By investigating the microbiome of very preterm newborns, scientists discovered new biomarkers for brain development.
The gut microbiome is made up of thousands of different bacteria, fungi, viruses, and microorganisms. The community is reasonably constant in healthy people.
However, a growing body of evidence indicates that alterations to the microbiome can have an impact on human health, impairing the immune system, hormone pathways, cognitive functioning, and more.
Some scientists even refer to the gut system and its microbes as the body’s “second brain.”
To better understand the interplay between the body’s gut, immune system and brain, researchers analyzed the microbial communities of several extreme preterm infants.
Specifically, scientists looked at how changes in the gut microbiome of preterm infants influences brain development via the vagus nerve.
Their analysis — published Friday in the journal Cell Host & Microbe — revealed a link between brain injuries in preterm infants and unique patterns in their microbiomes and immune systems.
In fact, the patterns predicted the progression and severity of each brain injury.
“Crucially, such patterns often show up prior to changes in the brain,” study co-author David Berry said in a press release.
“This suggests a critical time window during which brain damage of extremely premature infants may be prevented from worsening or even avoided,” said Berry, a microbiologist at the University of Vienna in Austria.
Berry and his colleagues were successful in identifying biomarkers for early brain development. These biomarkers can be used by doctors to identify when to administer various medicines.
The biomarkers were discovered after scientists sequenced the DNA from gut microbiota samples gathered from 60 premature infants, all of whom were born before 28 weeks gestation and weighed less than 2.2 pounds.
EEG recordings and MRI images of the infants’ brains were also investigated by the researchers.

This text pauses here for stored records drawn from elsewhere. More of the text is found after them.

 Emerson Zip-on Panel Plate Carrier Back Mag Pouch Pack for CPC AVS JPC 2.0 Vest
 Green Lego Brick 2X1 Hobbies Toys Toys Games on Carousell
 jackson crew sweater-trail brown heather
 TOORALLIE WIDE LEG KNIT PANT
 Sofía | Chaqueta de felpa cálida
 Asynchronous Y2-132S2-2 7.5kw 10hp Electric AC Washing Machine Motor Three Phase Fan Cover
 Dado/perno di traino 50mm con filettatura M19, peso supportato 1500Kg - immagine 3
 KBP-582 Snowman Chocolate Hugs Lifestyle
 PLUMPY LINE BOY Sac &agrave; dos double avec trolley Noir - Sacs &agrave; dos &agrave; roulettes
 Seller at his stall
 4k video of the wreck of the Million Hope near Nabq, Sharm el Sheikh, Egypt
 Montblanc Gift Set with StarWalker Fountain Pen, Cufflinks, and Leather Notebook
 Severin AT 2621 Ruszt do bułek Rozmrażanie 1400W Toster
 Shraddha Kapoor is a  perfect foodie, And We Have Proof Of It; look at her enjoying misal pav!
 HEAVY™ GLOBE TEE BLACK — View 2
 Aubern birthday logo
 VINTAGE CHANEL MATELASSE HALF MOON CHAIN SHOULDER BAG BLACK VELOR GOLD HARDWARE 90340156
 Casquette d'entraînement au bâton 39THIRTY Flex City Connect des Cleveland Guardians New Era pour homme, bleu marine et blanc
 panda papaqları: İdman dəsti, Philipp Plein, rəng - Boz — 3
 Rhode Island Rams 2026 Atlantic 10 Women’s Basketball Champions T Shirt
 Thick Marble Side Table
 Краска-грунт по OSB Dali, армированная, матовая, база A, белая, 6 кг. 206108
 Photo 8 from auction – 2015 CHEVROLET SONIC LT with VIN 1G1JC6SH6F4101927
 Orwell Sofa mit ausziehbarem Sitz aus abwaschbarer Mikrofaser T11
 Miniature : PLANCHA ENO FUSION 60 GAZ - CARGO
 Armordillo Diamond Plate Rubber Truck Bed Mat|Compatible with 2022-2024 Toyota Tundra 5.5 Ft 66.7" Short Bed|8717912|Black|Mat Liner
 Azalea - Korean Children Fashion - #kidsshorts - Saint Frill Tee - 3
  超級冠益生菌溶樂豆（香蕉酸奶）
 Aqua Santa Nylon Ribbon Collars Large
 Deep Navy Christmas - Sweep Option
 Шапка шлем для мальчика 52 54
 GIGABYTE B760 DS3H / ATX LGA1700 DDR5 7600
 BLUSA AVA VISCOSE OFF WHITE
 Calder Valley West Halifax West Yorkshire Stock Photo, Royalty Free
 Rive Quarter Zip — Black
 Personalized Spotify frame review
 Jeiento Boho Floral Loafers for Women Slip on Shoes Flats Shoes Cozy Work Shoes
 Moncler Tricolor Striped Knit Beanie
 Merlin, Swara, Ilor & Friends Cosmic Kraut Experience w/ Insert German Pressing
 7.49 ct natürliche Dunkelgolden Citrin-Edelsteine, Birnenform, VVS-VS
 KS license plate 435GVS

Despite the fact that researchers have already identified a number of novel correlations between the gut microbiota and brain development, the study’s authors intend to continue investigating links between the gut microbiome and brain development as the preterm infants grow.
The latest paper, they said, is only a starting point.
“How the children’s motor and cognitive skills develop only becomes apparent over several years,” co-author Angelika Berger said in a press release.
“We aim to understand how this very early development of the gut-immune-brain axis plays out in the long term,” said Berger, a pediatric researcher at the Medical University of Vienna.